• Requirement: Exact copies of the lines from the one with "ID (10644352729366). Downloaded" through the last line of the entries, and no pictures, make up the answer.

□ □ □

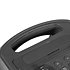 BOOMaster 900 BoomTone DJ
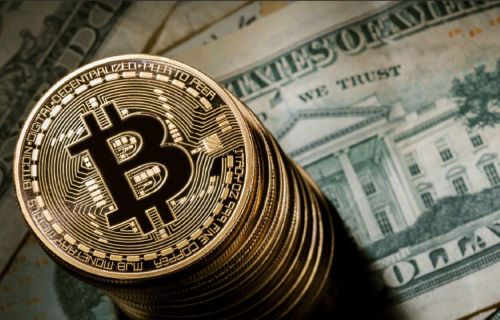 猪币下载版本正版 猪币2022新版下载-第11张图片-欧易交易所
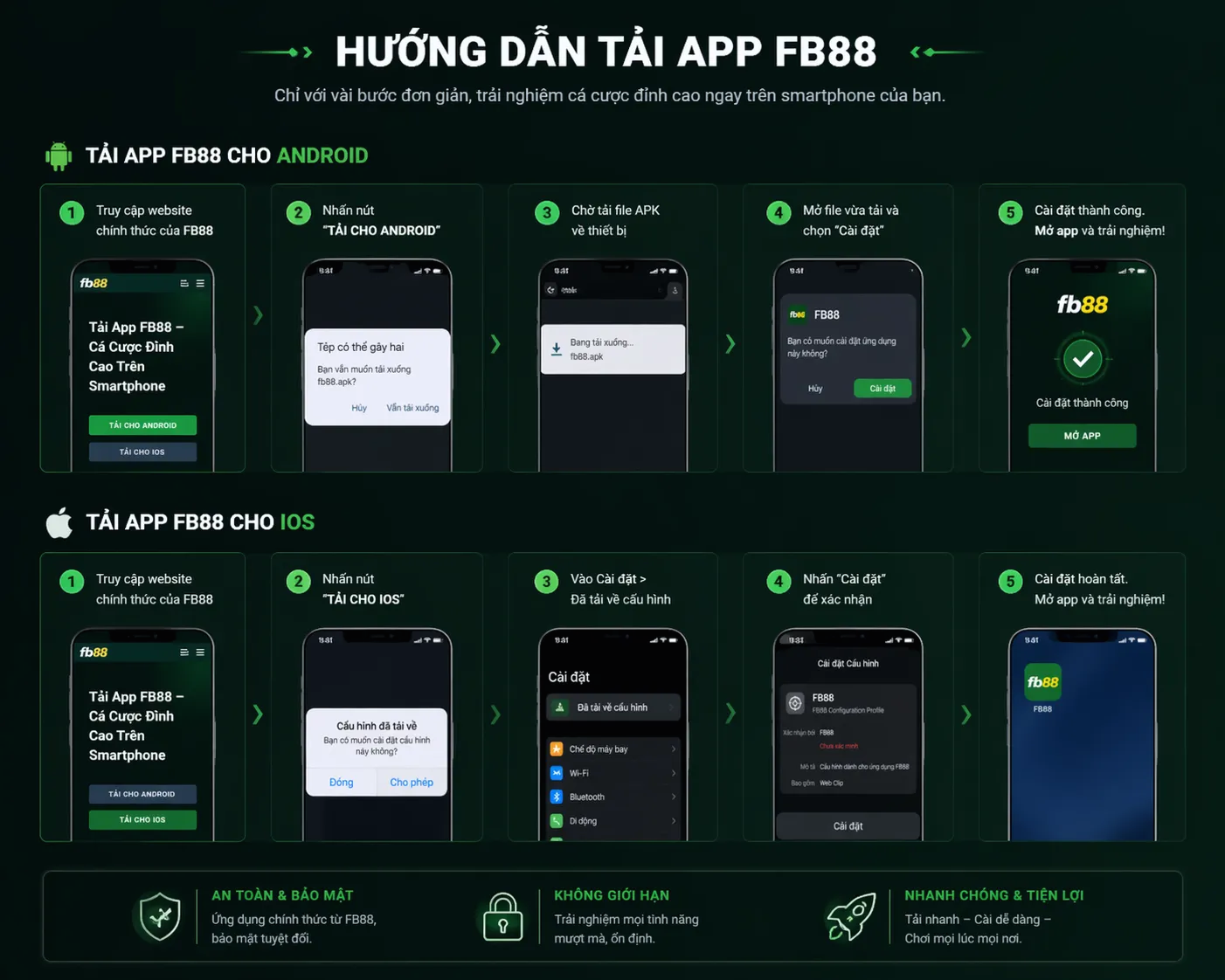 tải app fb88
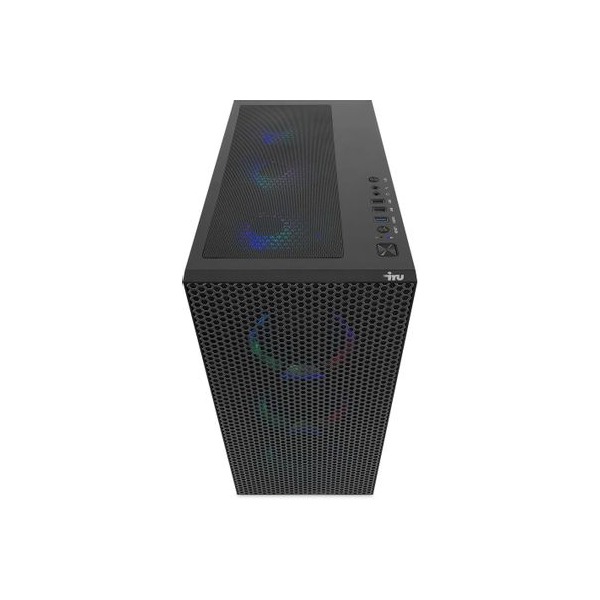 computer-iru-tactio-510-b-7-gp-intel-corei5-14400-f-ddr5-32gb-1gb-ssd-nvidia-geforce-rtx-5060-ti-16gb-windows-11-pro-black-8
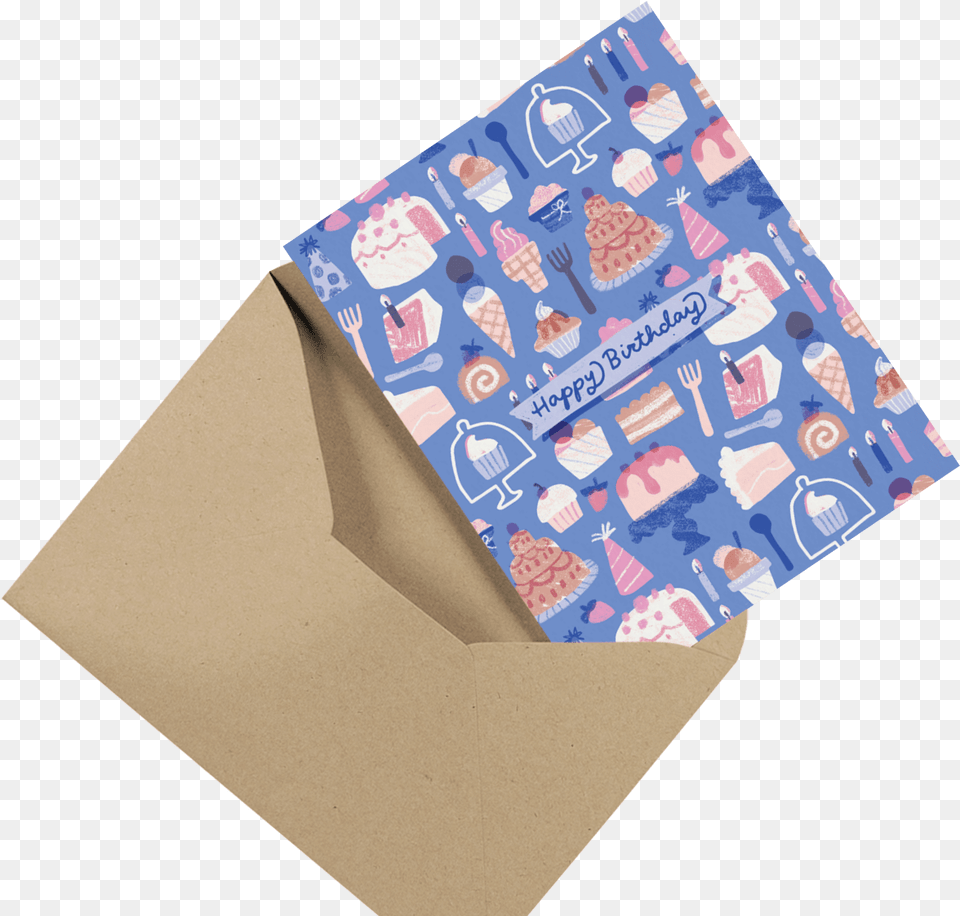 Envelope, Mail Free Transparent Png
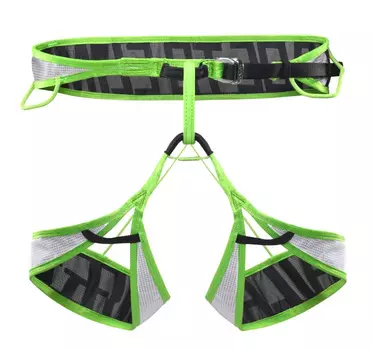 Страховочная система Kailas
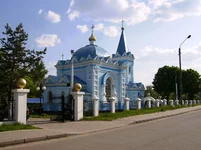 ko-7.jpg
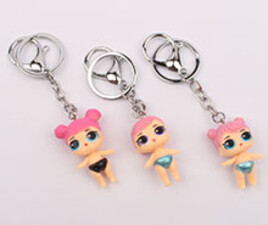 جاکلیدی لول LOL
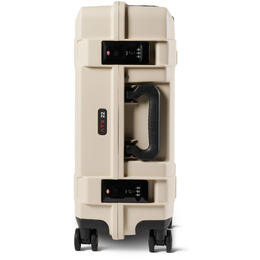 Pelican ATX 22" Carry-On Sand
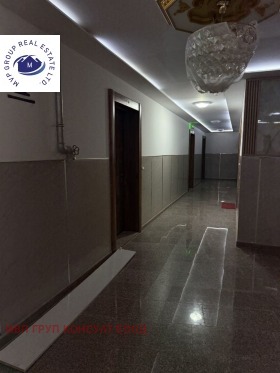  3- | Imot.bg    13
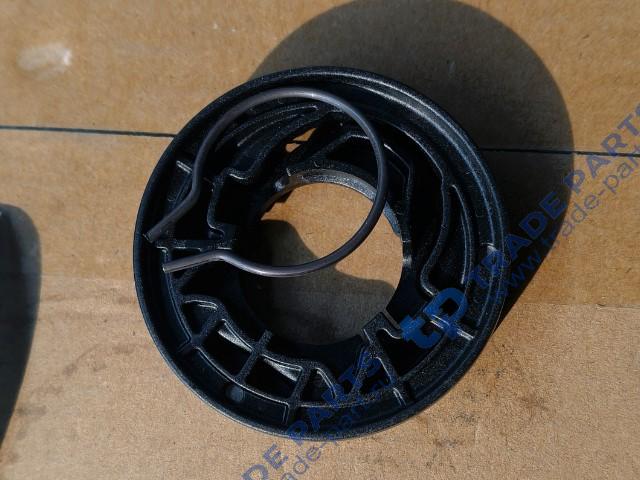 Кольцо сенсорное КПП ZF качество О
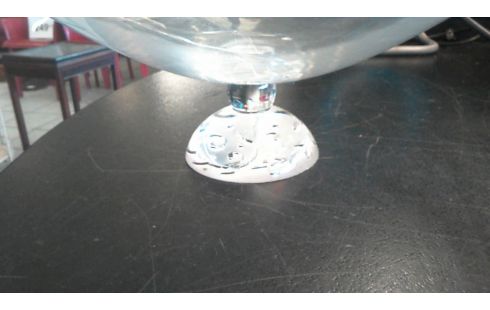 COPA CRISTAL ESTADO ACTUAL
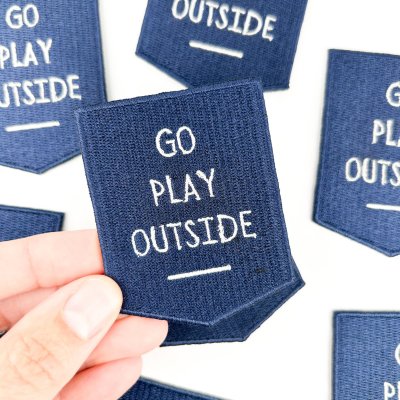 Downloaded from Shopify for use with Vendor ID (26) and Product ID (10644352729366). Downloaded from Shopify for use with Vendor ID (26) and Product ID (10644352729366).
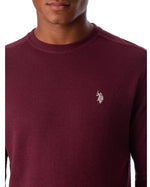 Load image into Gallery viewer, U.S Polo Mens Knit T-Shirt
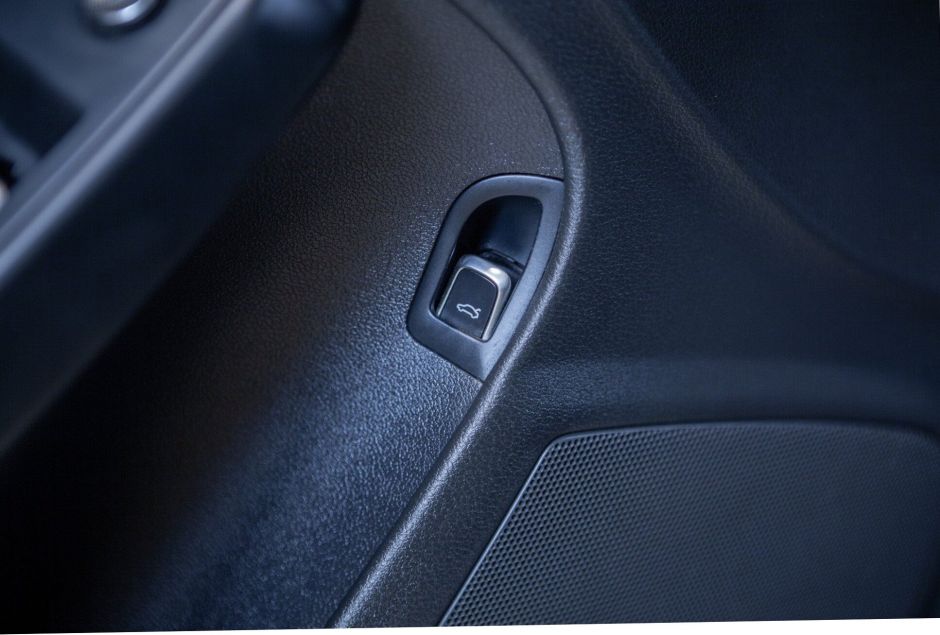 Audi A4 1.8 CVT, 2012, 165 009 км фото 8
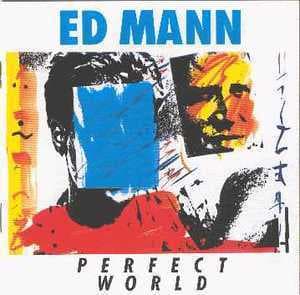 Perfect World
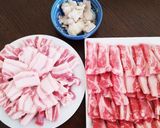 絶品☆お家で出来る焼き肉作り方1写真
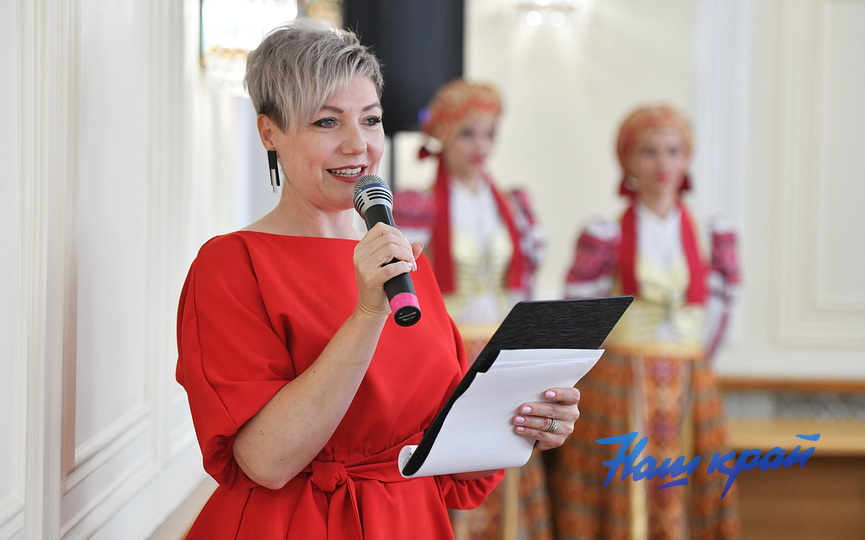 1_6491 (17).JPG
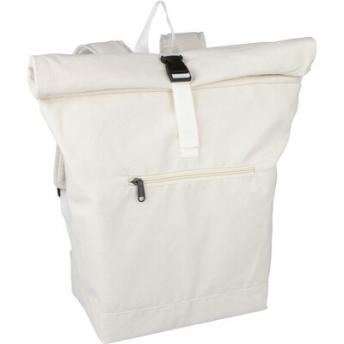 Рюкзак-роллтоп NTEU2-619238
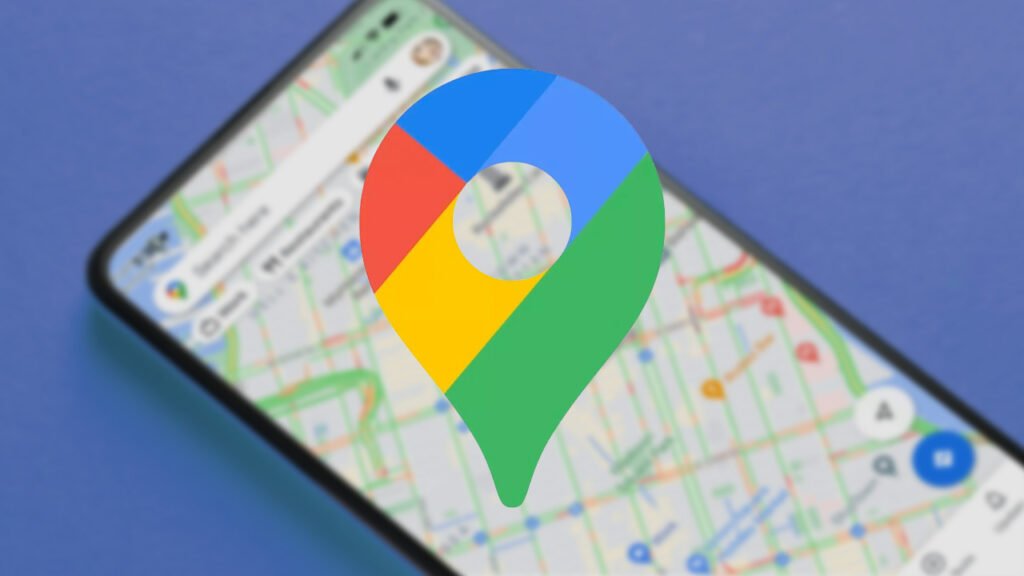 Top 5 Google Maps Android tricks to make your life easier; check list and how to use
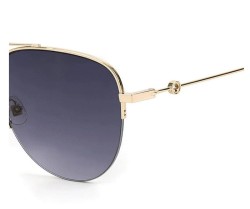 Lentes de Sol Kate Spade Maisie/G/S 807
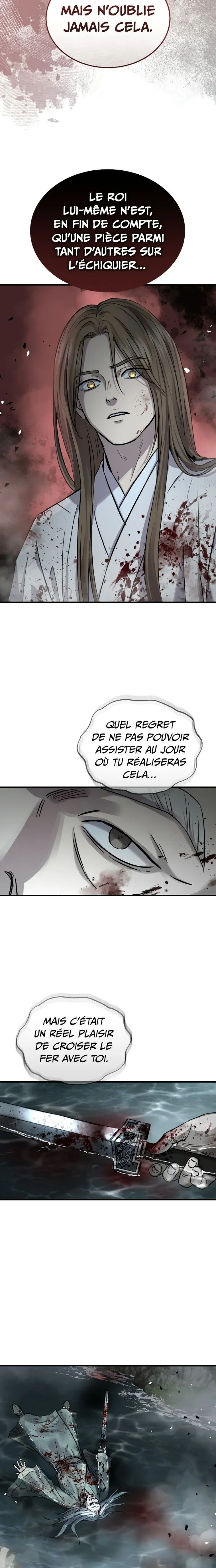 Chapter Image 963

□ □ □

• Answer:
 Downloaded from Shopify for use with Vendor ID (26) and Product ID (10644352729366). Downloaded from Shopify for use with Vendor ID (26) and Product ID (10644352729366).
 Load image into Gallery viewer, U.S Polo Mens Knit T-Shirt
 Audi A4 1.8 CVT, 2012, 165 009 км фото 8
 Perfect World
 絶品☆お家で出来る焼き肉作り方1写真
 1_6491 (17).JPG
 Рюкзак-роллтоп NTEU2-619238
 Top 5 Google Maps Android tricks to make your life easier; check list and how to use
 Lentes de Sol Kate Spade Maisie/G/S 807
 Chapter Image 963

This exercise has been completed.